Primary LanguageJava

Overview

This is an example repo that shows how to set up a Java project to use the KafkaSpout that is now part of Storm with version 0.9.3. Other examples online at the time of this writing are either wrong (outdated) or show how to run with KafkaSpout in local mode but not "cluster-mode" against a separate Kafka system or confusing in that they add a lot of superfluous stuff (and do the example in Scala). This example is in the vein of "do the simplest thing that can work".

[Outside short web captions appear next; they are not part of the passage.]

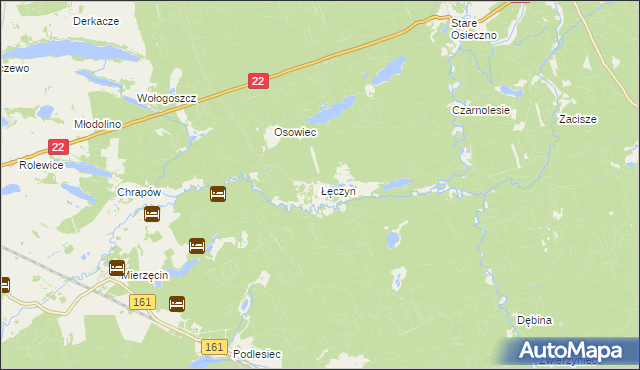mapa Łęczyn gmina Dobiegniew, Łęczyn gmina Dobiegniew na mapie Targeo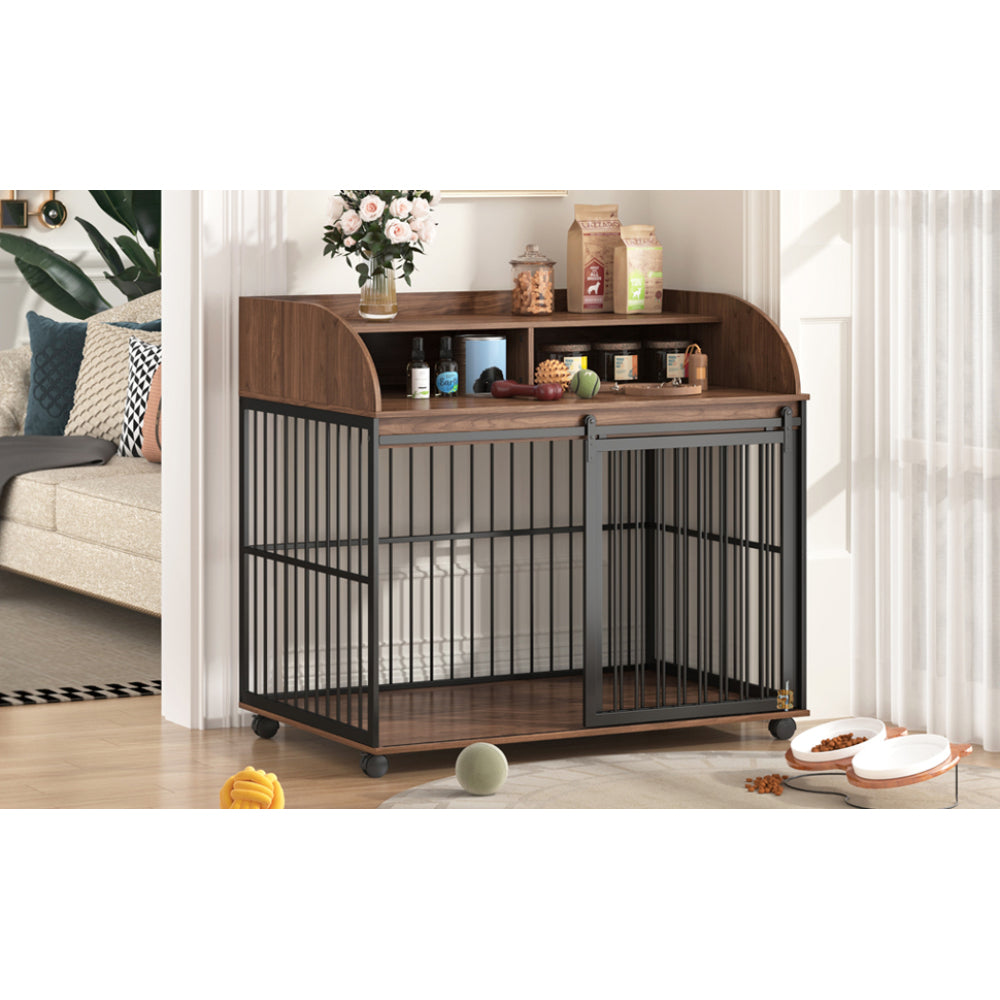 GO 44'' Heavy Duty Large Dog Crate Furniture for Large Medium Dog with Lockable Wheels, Wooden Dog Crate Dog Kennel, End Table Crate with Double layer storage, Brown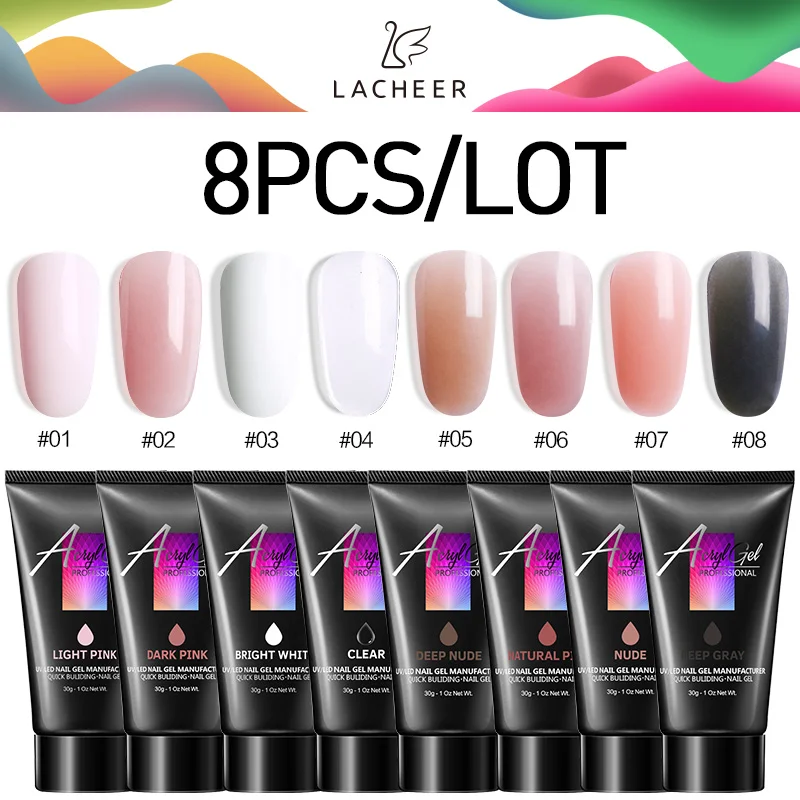 Lacheer 8 шт./лот акриловый удлиняющий гель розовый цвет Полупостоянный лак для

Getting the pom set up right so that the incompatible logging libraries between Storm and Kafka don't shoot the topology in the head is the hardest part (lost a day of my life getting that sorted out). So that is probably the most fragile piece - it may break on other systems and with other versions (past or future).

The topologies are a basic wordcount topology, based on Chapter 1 of P. Taylor Goetz's Storm Blueprints book.

There are two versions:

  • one that uses a in-memory SentenceSpout (taken from the Storm Blueprints example)
  • one that uses a Kafka sentence Topic as the source of sentences

Each of those comes in two variants

  • one that does not anchor and ack tuples ("non-reliable")
  • one that anchors and acks tuples ("reliable")

Tested against

This code has been tested on Linux in cluster-mode using:

  • Storm 0.9.3
  • Kafka 2.10-0.8.1.1
  • the version of Zookeeper that comes with Kafka 2.10-0.8.1.1 (zookeeper-3.3.4)

and

  • Storm 0.9.3
  • Kafka 2.10-0.8.2-beta
  • the version of Zookeeper that comes with kafka_2.10-0.8.2-beta (zookeeper-3.4.6)

Usage

The in-memory SentenceSpout topologies can be run in local mode by setting the System property localmode=true (defaults to false).

The KafkaSpout based topologies cannot be run in local mode.

Running the KafkaSpout based wordcount example

Install and start ZooKeeper, Storm and Kafka (see version notes above). This example assumes all are running on localhost. If not, you will need to change the zkHostPort settings in the kafka WordCountAckedTopology and WordCountNonAckedTopology classes to point to where zookeeper is running.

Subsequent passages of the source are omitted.